|Ph.D Student||Mi La|
|Subject||Nonlinear Dynamics and Stabilization of a|
Multi-Tethered Spherical Aerostat in Severe
|Department||Department of Autonomous Systems and Robotics||Supervisor||Professor Oded Gottlieb|
|Full Thesis text|
Tethered aerostats are restrained lighter-than-air systems that consist of buoyant bodies connected to the ground by mooring cables. These systems have been widely used for remote sensing applications for over a century. Recently, multi-tethered aerostats have been proposed for wind energy harvesting and for supporting reflectors of radio telescopes or optical energy transmission devices in remote regions. In severe environmental conditions, a tethered aerostat system is subject to vortex-induced vibration (VIV) where alternating vortex shedding transfers energy to the structure, causing large amplitude oscillatory behavior that can become nonstationary. This requires consistent nonlinear theoretical models that incorporate the spatio-temporal dynamics of both tether cables and the lighter-than-air lifting body and their fluid-structure interaction. Furthermore, to-date aerostat stabilization has been obtained via passive means, or by ground-based cable tensioners that are limited to mild operating conditions, and do not react autonomously to changing environmental conditions.

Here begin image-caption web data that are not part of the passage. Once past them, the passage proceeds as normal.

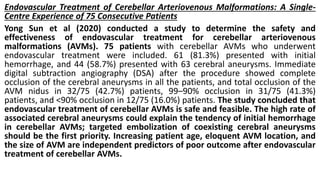 Endovascular Treatment of Cerebellar Arteriovenous Malformations: A Single-
Centre Experience of 75 Consecutive Patients
Yong Sun et al (2020) conducted a study to determine the safety and
effectiveness of endovascular treatment for cerebellar arteriovenous
malformations (AVMs). 75 patients with cerebellar AVMs who underwent
endovascular treatment were included. 61 (81.3%) presented with initial
hemorrhage, and 44 (58.7%) presented with 63 cerebral aneurysms. Immediate
digital subtraction angiography (DSA) after the procedure showed complete
occlusion of the cerebral aneurysms in all the patients, and total occlusion of the
AVM nidus in 32/75 (42.7%) patients, 99–90% occlusion in 31/75 (41.3%)
patients, and <90% occlusion in 12/75 (16.0%) patients. The study concluded that
endovascular treatment of cerebellar AVMs is safe and feasible. The high rate of
associated cerebral aneurysms could explain the tendency of initial hemorrhage
in cerebellar AVMs; targeted embolization of coexisting cerebral aneurysms
should be the first priority. Increasing patient age, eloquent AVM location, and
the size of AVM are independent predictors of poor outcome after endovascular
treatment of cerebellar AVMs.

The challenges faced by modern aerostat systems are addressed in this research. We derive and analyze a Lagrangian based model for a multi-tethered spherical aerostat system with massless elastic tethers. The structural model is augmented by a coupled three-dimensional nonlinear wake oscillator describing the self-exciting VIV mechanism. The system parameters are determined by asymptotic model-based estimation for single tether benchmarks in water and air. We show that the proposed model incorporates multiple internal resonances, and exhibits diverse periodic, quasiperiodic and chaotic-like solutions. We formulate a planar initial-boundary value problem using the extended Hamilton's principle to investigate the effect of cable tether dynamics. We numerically demonstrate the importance of secondary combination resonances at high altitudes. We then consider amplitude reduction of maximal translations and rotations as our main goal for stabilization in severe environmental conditions. We employ a combined singular perturbation and numerical bifurcation methodology to investigate optimization of system design parameters and the influence of inertia wheel feedback for rotational amplitude reduction.